If no outer adventure happens to you, then no inner adventure happens to you either. The part that you take over from the devil-joy; that is-leads you into adventure.
In this way you will find your lower as well as your upper limits. It is necessary for you to know your limits.
If you do not know them, you run into the artificial barriers of your imagination and the expectations of your fellow men.
But your life will not take kindly to being hemmed in by artificial barriers.
Life wants to jump over such barriers and you will fallout with yourself.
These barriers are not your real limits, but arbitrary limitations that do unnecessary violence to you. Therefore try to find your real limits.

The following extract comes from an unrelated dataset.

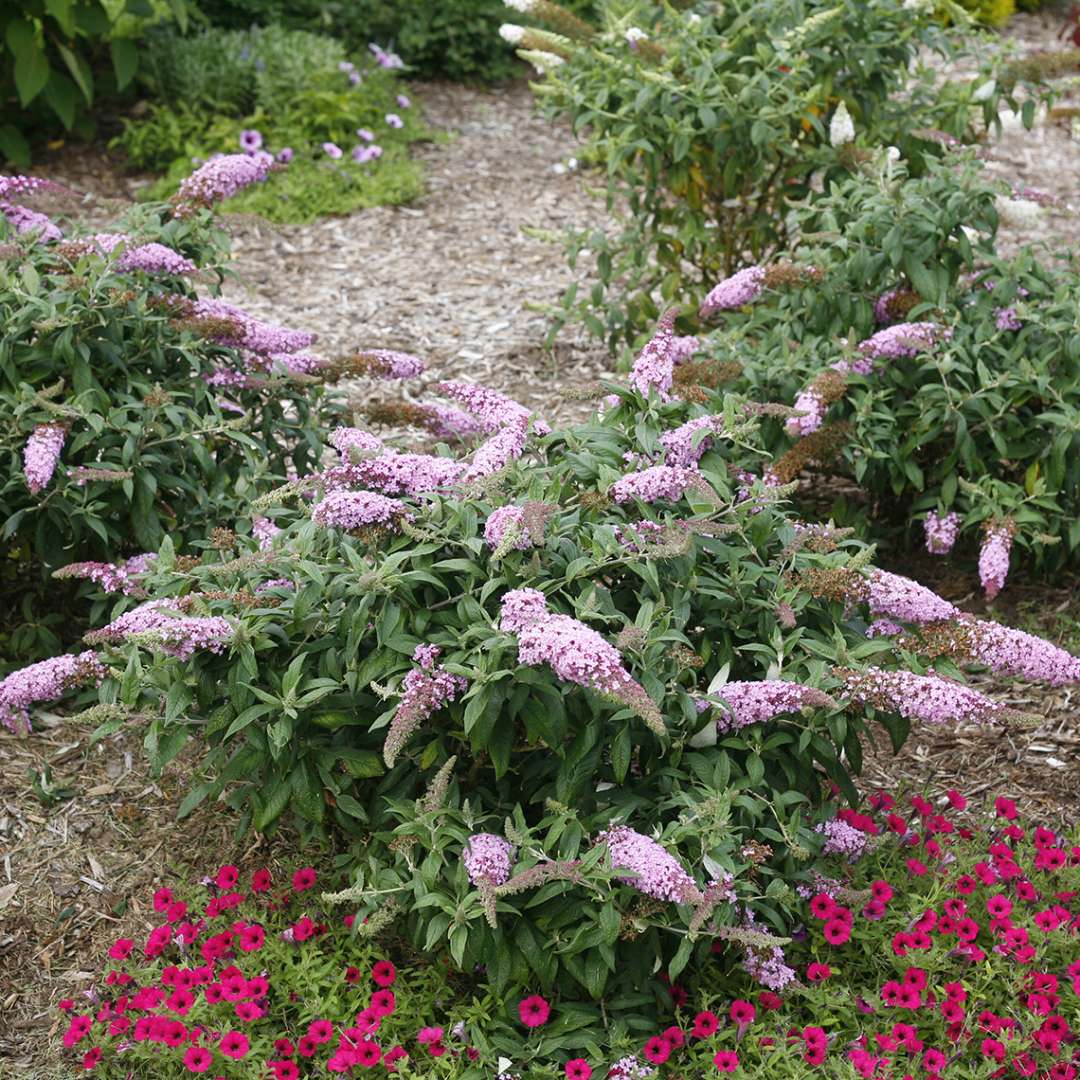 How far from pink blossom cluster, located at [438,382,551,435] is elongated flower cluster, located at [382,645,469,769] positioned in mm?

One never knows them in advance, but one sees and understands them only when one reaches them. And this happens to you only if you have balance.
Without balance you transgress your limits without noticing what has happened to you. You achieve balance, however, only if you nurture your opposite.
But that is hateful to you in your innermost core, because it is not heroic. ~Carl Jung, The Red Book, Page 263.
If you take a piece of joy from the devil and set off on adventures with it, you accept your pleasure.
But pleasure immediately attracts everything you desire, and then you must decide whether your pleasure spoils or enhances you.
If you are of the devil, you will grope in blind desire after the manifold, and it will lead you astray.
But if you remain with yourself as a man who is himself and not of the devil, then you will remember your humanity.
You will not behave toward women per se as a man, but as a human being, that is to say; as if you were of the same sex as her. You will recall your femininity.
It may seem to you then as if you were unmanly; stupid, and feminine so to speak.
But you must accept the ridiculous, otherwise you will suffer distress, and there will come a time, when you are least observant, when it will suddenly round on you and make you ridiculous.
It is bitter for the most masculine man to accept his femininity; since it appears ridiculous to him, powerless and tawdry. ~Carl Jung, The Red Book, Page 263.